TASK ITEM → With the pictures left out, print exactly the lines below that run from the one containing "Hello everyone, it" through the one containing "Hello, this is".

DATA EXTRACT →

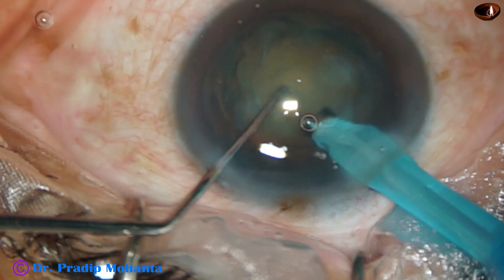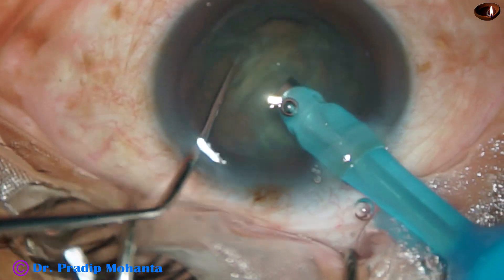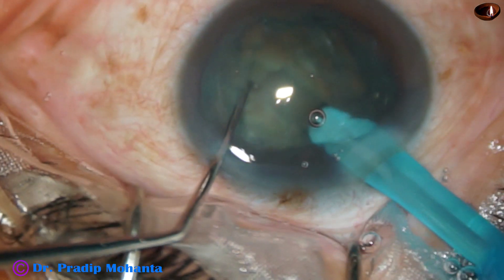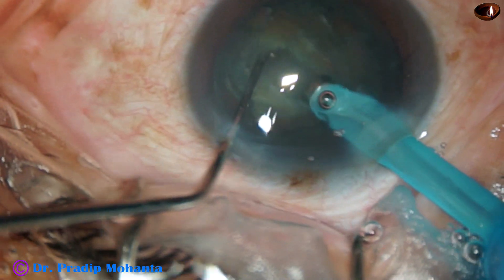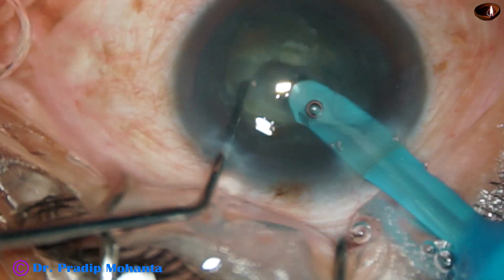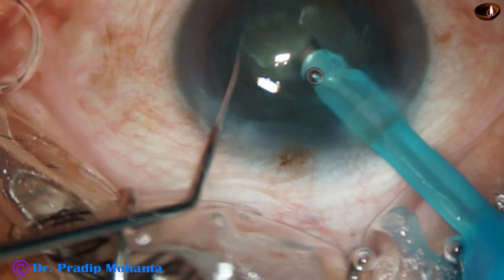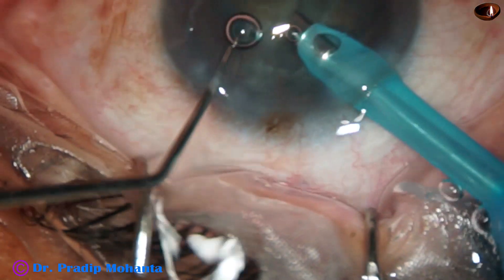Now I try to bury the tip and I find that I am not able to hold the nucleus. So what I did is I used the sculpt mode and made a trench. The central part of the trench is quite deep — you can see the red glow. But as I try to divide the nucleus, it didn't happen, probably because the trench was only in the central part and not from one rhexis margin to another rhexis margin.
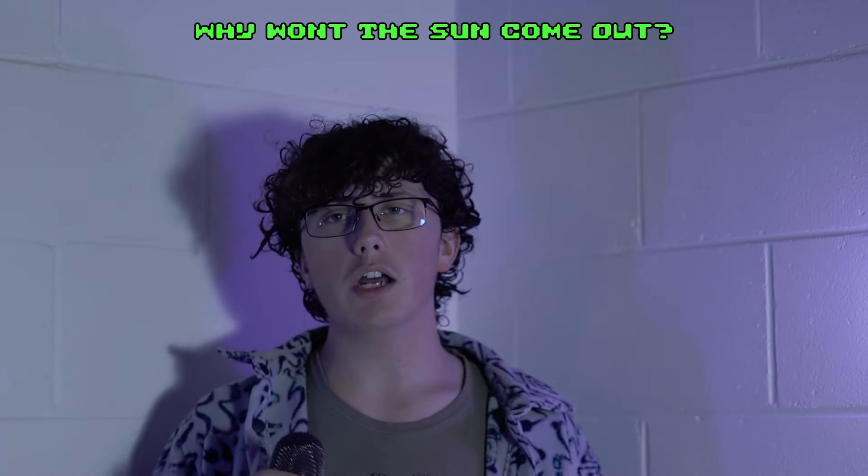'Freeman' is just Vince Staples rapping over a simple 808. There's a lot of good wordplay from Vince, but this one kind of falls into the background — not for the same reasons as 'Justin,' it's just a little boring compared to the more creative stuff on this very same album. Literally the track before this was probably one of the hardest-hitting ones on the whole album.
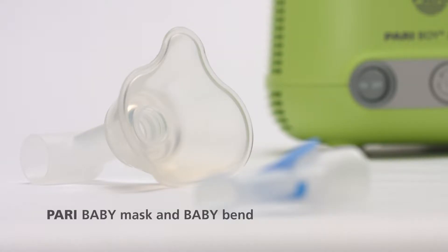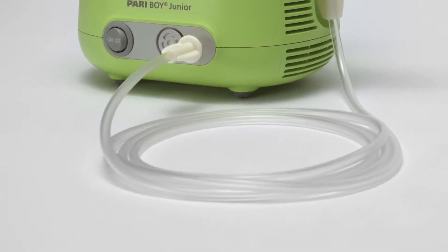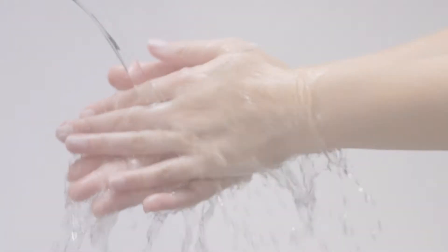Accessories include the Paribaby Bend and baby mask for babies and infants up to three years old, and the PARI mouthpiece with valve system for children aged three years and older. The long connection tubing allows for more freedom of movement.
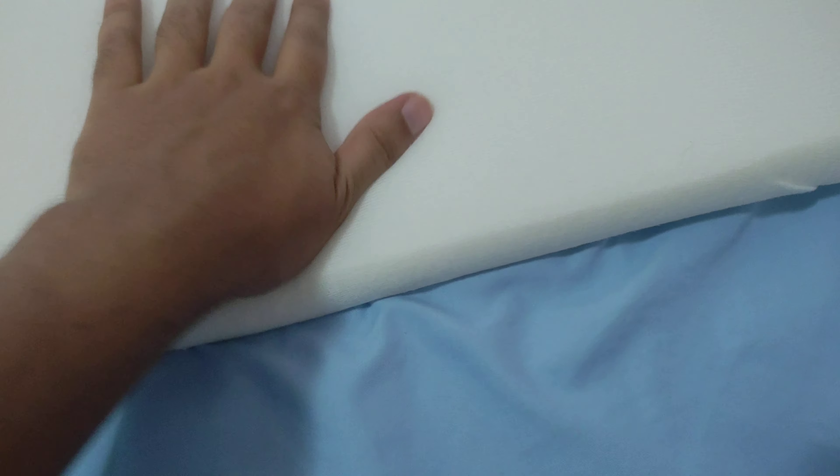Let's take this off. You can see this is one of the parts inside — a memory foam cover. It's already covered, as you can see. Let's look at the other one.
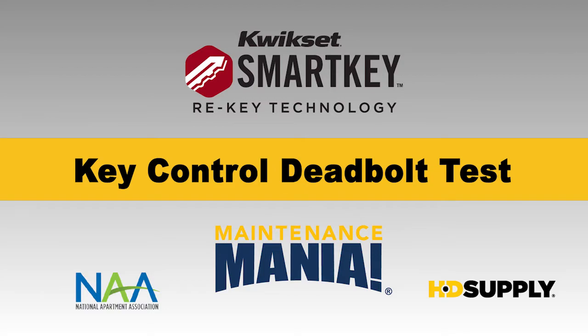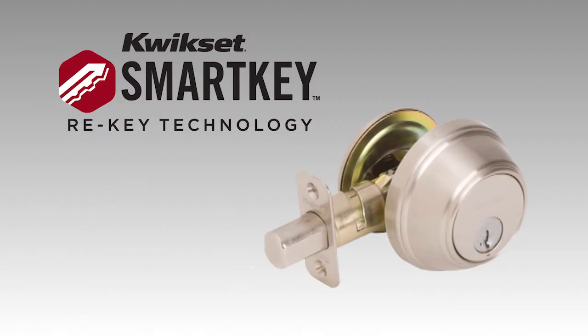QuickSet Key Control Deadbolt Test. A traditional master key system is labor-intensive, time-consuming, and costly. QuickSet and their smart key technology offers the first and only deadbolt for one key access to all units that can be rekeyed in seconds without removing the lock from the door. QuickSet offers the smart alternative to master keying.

==

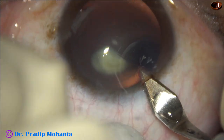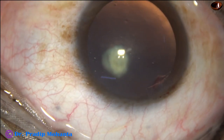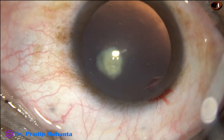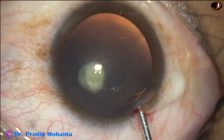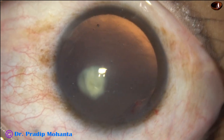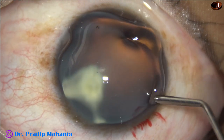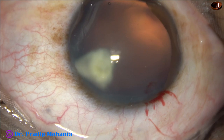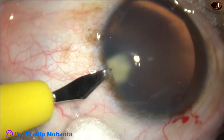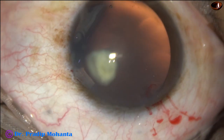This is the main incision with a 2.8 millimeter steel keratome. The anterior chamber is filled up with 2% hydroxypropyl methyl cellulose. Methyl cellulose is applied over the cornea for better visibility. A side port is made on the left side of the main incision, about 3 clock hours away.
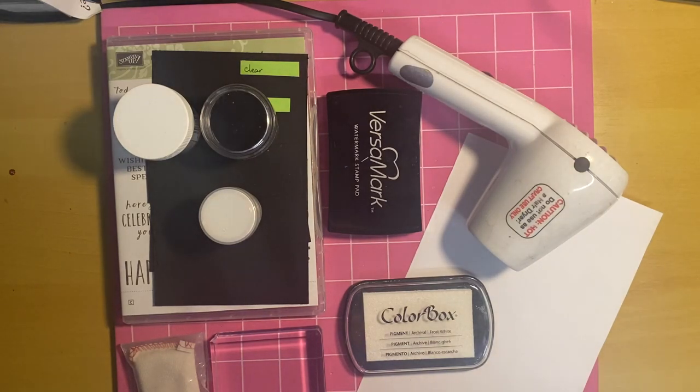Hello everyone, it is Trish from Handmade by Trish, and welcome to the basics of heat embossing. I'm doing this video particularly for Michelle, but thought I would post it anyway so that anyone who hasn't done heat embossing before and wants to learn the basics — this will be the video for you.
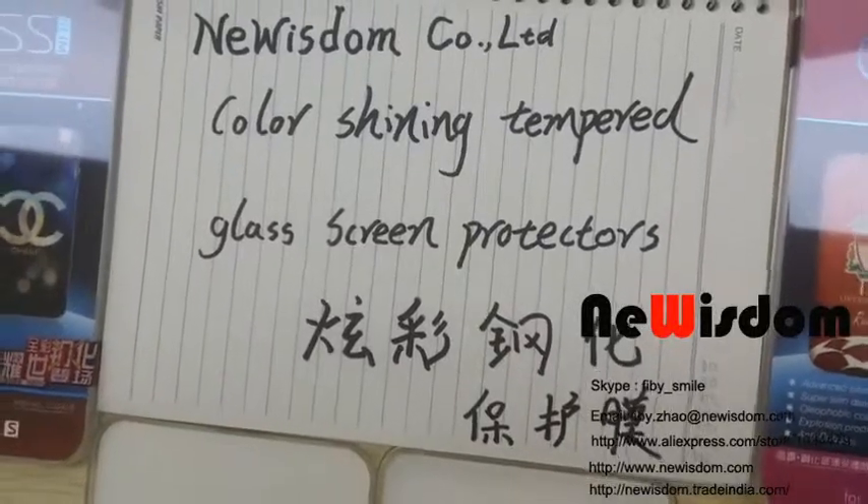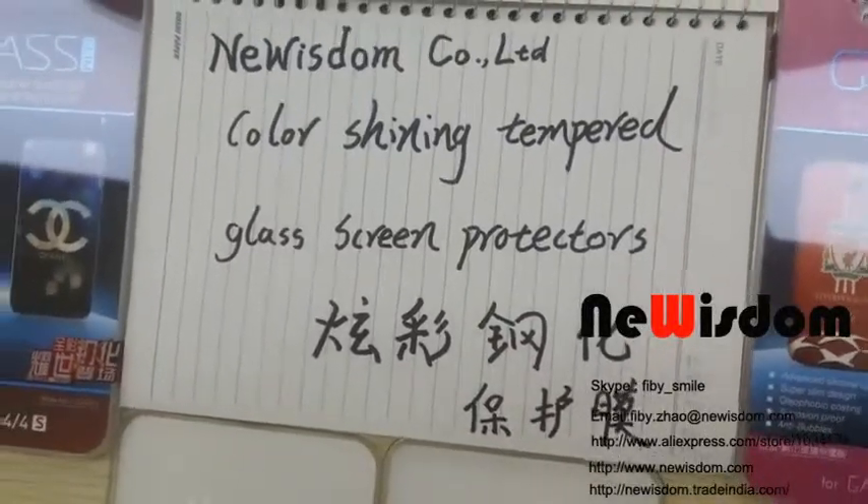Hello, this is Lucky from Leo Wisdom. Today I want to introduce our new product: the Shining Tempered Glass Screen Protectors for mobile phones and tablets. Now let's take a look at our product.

---

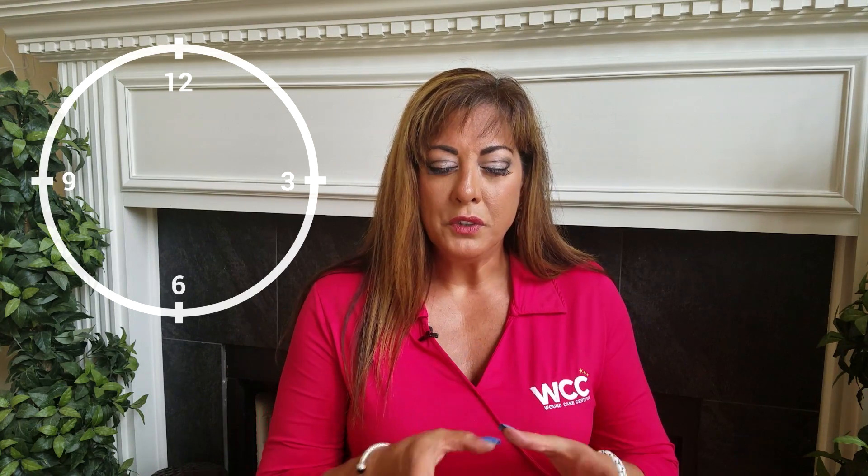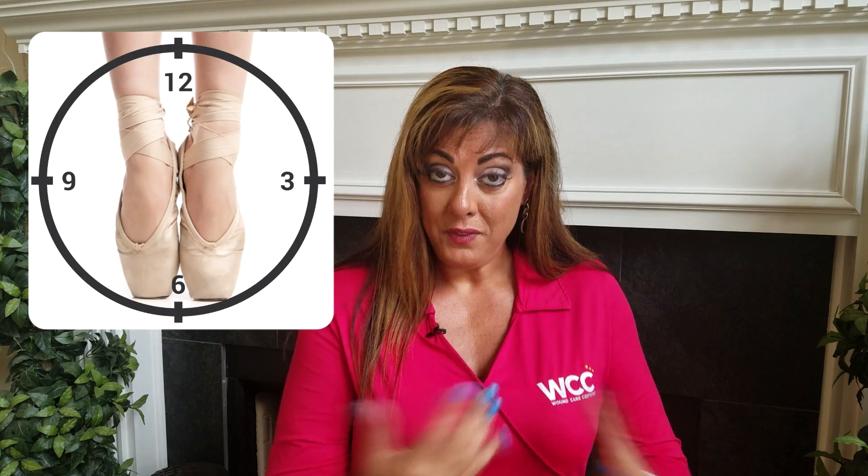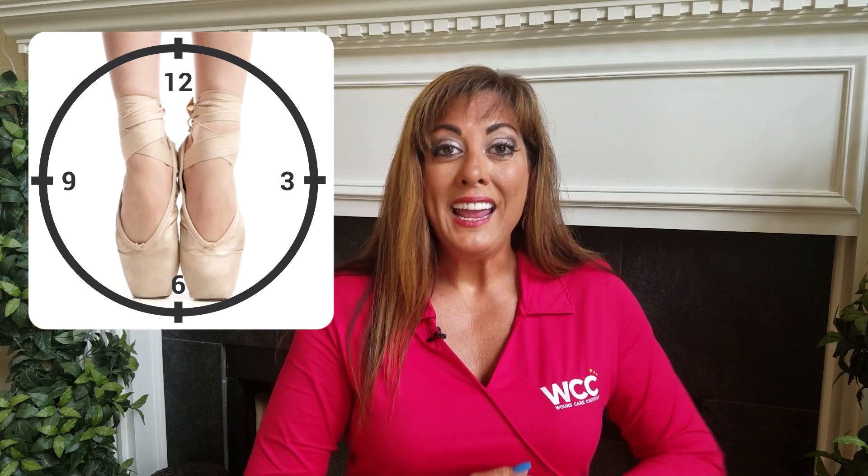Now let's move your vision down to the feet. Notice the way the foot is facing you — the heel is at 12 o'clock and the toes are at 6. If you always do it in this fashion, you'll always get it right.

RESPONSE TO THIS TASK →
Hello everyone, it is Trish from Handmade by Trish, and welcome to the basics of heat embossing. I'm doing this video particularly for Michelle, but thought I would post it anyway so that anyone who hasn't done heat embossing before and wants to learn the basics — this will be the video for you.
Hello, this is Lucky from Leo Wisdom. Today I want to introduce our new product: the Shining Tempered Glass Screen Protectors for mobile phones and tablets. Now let's take a look at our product.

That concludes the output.